The scant remainder of the plague survivors fled in the night. They fled singly and in groups, carrying the plague with them. Some carried members of their families who were too weak to walk. Others helped already-doomed wives or friends or husbands to the open country. Flight would not save their lives. It would only prevent their murder. But somehow that seemed a thing to be attempted.

"This," said Calhoun, "is not a history of your own case. When did you develop the disease, whatever it may be?"

"Don't you know what it is?" asked Helen hopelessly.

"Not yet," admitted Calhoun. "I've very little information. I'm trying to get more."

He did not mention the information gathered from a dead man in a corn field some miles away.

The girl told of her own case. The first symptom was listlessness. She could pull out of it by making an effort, but it progressed. Day by day more urgent, more violent effort was needed to pay attention to anything, and she noted greater weakness when she tried to act. She felt no discomfort, not even hunger or thirst. She'd had to summon increasing resolution even to become aware of the need to do anything at all.

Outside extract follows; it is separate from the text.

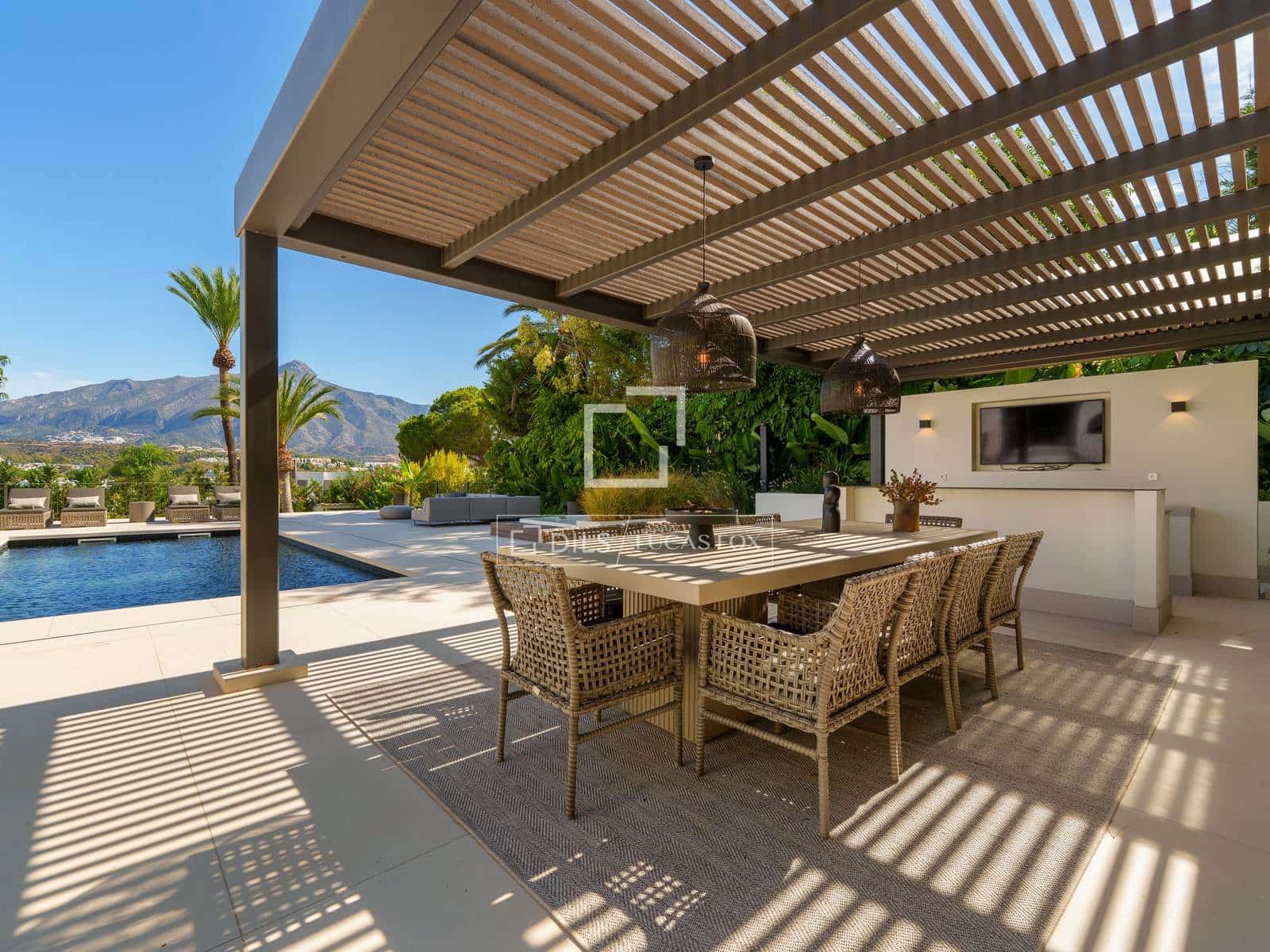 5 bedroom Villa for sale in Marbella with pool garage - € 5,950,000 (Ref: 9964412)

The symptoms were singularly like those of a man too long at too high an altitude without oxygen. They were even more like those of a man in a non-pressurized flier, whose oxygen supply was cut off. Such a man would pass out without realizing that he was slipping into unconsciousness, only it would happen in minutes. Here the process was infinitely gradual. It was a matter of weeks. But it was the same thing.

"I'd been infected before we ran away," said Helen drearily. "I didn't know it then. Now I know I've a few more days of being able to think and act, if I try hard enough. But it'll be less and less each day. Then I'll stop being able to try."

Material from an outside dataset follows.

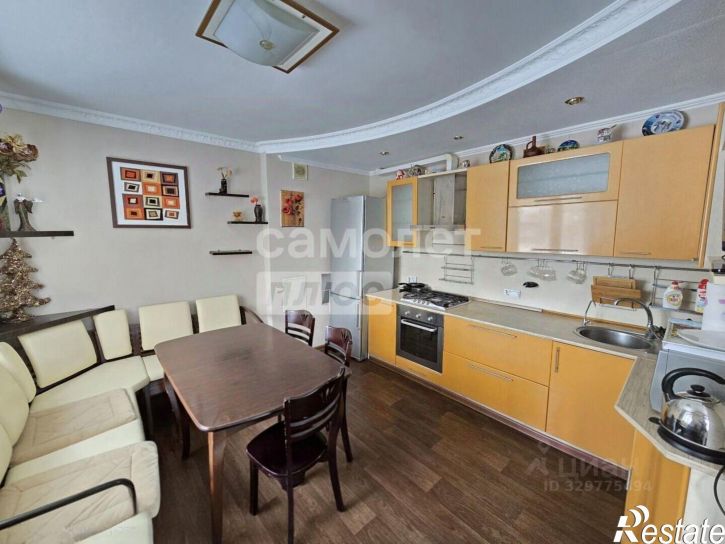 3-комн квартира мкр 32-й, 3,  д. 3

Calhoun watched the tiny recorder roll its multiple-channel tape from one spool to the other as she talked.

"You had energy enough to try to kill me," he observed.

He looked at the weapon. There was an arched steel spring placed crosswise at the end of a barrel like a sporting blast-gun. Now he saw a handle and a ratchet by which the spring was brought to tension, storing up power to throw the missile. He asked, "Who wound up this crossbow?"

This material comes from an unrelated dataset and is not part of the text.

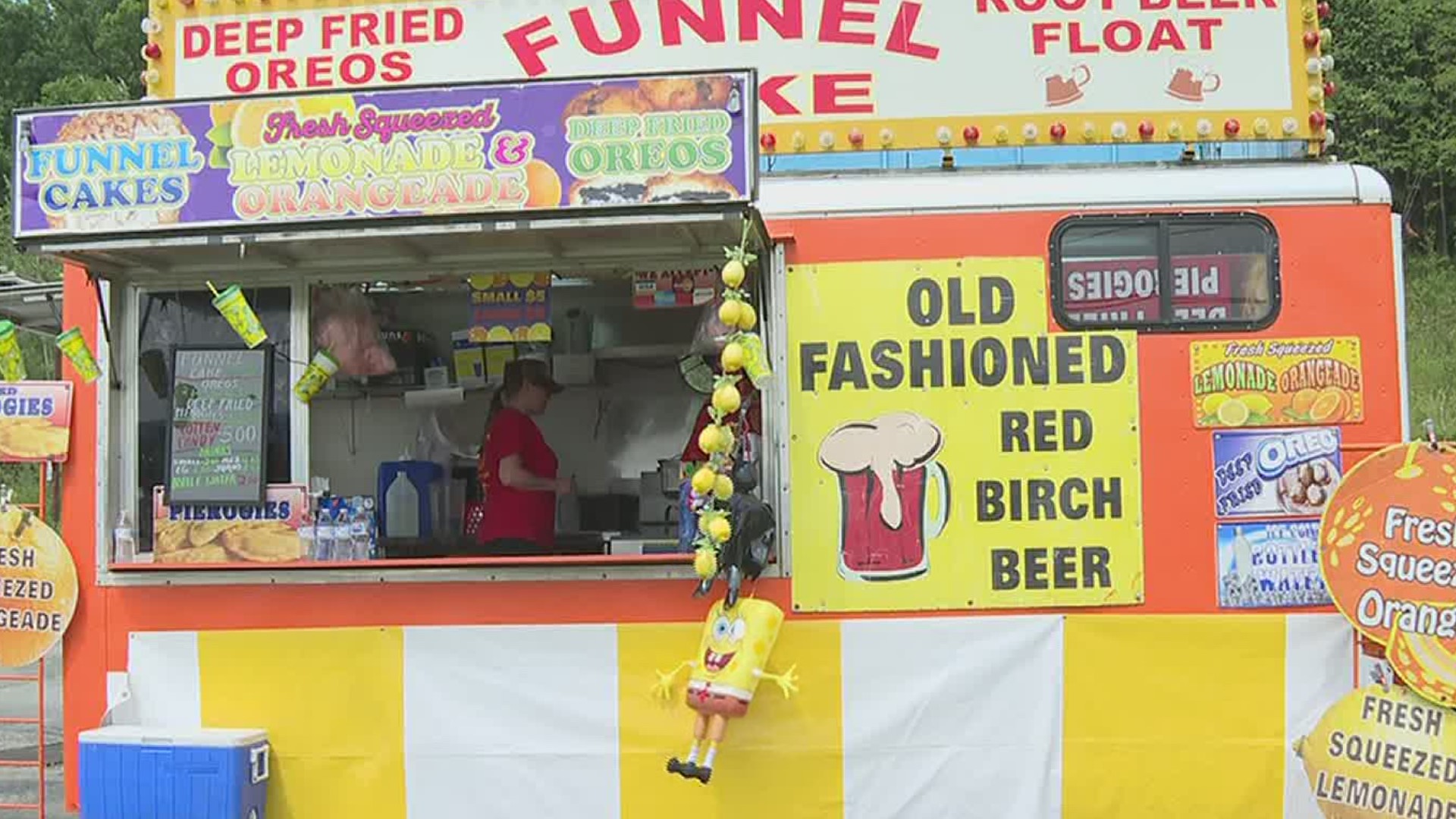Food pantry fundraiser dishes out funnel cakes in Lackawanna County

Helen hesitated. "Kim—Kim Walpole," she said finally.

"You're not a solitary refugee now? There are others of your group still alive?"

She hesitated again, and then said, "Some of us came to realize that staying apart didn't matter. We couldn't hope to live anyhow. We already had the plague. Kim is one of us. He's the strongest. He wound up the crossbow for me. He had the weapons to begin with."

Calhoun asked seemingly casual questions. She told him of a group of fugitives remaining together because all were already doomed. There had been eleven of them. Two were dead now. Three others were in the last lethargy. It was impossible to feed them. They were dying. The strongest was Kim Walpole, who'd ventured back into the city to bring out weapons for the rest. He'd led them, and now was still the strongest and—so the girl considered—the wisest of them all.

They were waiting to die. But the newcomers to the planet—the invaders, they believed—were not content to let them wait. Groups of hunters came out of the city and searched for them.

"Probably," said the girl dispassionately, "to burn our bodies against contagion. They kill us so they won't have to wait. And it just seemed so horrible that we felt we ought to defend our right to die naturally. That's why I shot at you. I shouldn't have, but . . ."

She stopped helplessly. Calhoun nodded.

The fugitives now aided each other simply to avoid murder. They gathered together exhaustedly at nightfall, and those who were strongest did what they could for the others. By day, those who could walk scattered to separate hiding places, so that if one was discovered, the others might still escape the indignity of being butchered. They had no stronger motive than that. They were merely trying to die with dignity, instead of being killed as sick beasts. Which bespoke a tradition and an attitude that Calhoun approved. People like these would know something of the science of probability in human conduct. Only they would call it ethics. But the strangers—the invaders—were of another type. They probably came from another world.